Garry Nixon is quick to recall his wedding day to fellow teacher Bev. It was December 19, 1965, in Melbourne, the day Ronald Ryan escaped from Pentridge Prison.
“We were driving up to Wangaratta for the first night of our honeymoon and Bev was petrified we might run into him. Me too, I have to admit,” Mr Nixon says.
Ryan’s freedom was short-lived – 17 days on the run, and then eventually hanged a year later for the murder of prison warder George Hodson during the escape. He was the last man executed in Australia.
Garry and Bev’s marriage has been a longer affair, 57 years and counting. Now 83 and 82 respectively, they are among a growing number of older Australian couples needing aged care together.

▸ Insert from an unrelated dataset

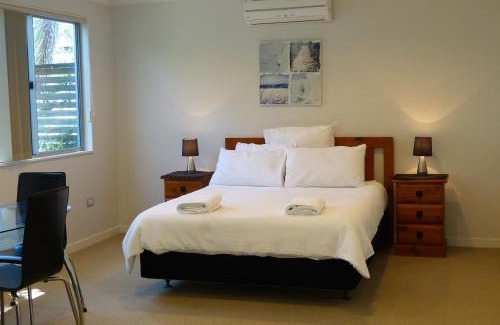Waihi Beach Apartment | In the Heart of the Beach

In previous generations, a more common scenario was couples living together in their family home until one died, statistically more likely the husband, and then the wife would move into nursing home care as a single person.
Now care has to be designed around the increasing chance couples will grow old and frail together, including options in residential care.
The ageing demographic means government spending on both home care and residential care will continue to grow.
The government’s aged-care taskforce, chaired by Aged Care Minister Anika Wells, has noted that Australians prefer to age in their own homes, and is building its reform agenda around that.
It is expected that the number of Australians needing to access government-funded home-care packages will double to two million by 2040. Residential care will remain an important element of the care ecosystem, particularly at the acute end when frailty or dementia become too much to manage at home.
The taskforce is calling for older Australians with the means to do so to contribute more to the non-direct components of their care, both in-home and residential. It is a recommendation set to be embraced by the government.
But not yet. Much to the disappointment of the sector, Tuesday’s budget did not lay out a blueprint for aged-care reform along the lines of the taskforce recommendations.
And the 24,100 new home-care packages announced for the coming financial year, at a cost of $531m, fell short of calls from the sector for up to 80,000 to meet rising demand.
Garry now lives in a one-bedroom ground floor serviced apartment in Ryman Healthcare’s Raelene Boyle Retirement Village in Aberfeldie, near Essendon in Melbourne. It offers retirement units and residential aged care for those with dementia.
He is receiving some government-funded home-care supports, while Bev is in residential aged care on the floor above. Like all nursing home residents, her care is subsidised by the government.
“I can just head up and see her. She doesn’t recognise me now, and she can’t communicate,” Garry says. “But I can’t complain, I know she is getting looked after, and that’s a real weight off my shoulders.”
Ryman Healthcare Australia chief executive Cameron Holland said the company’s model of care “is increasingly sought after by couples because it allows them to stay together in the same village community as their needs change”.
“Couples don’t often age in the same way at the same rate, so our approach … reflects the unpredictable reality,” he said.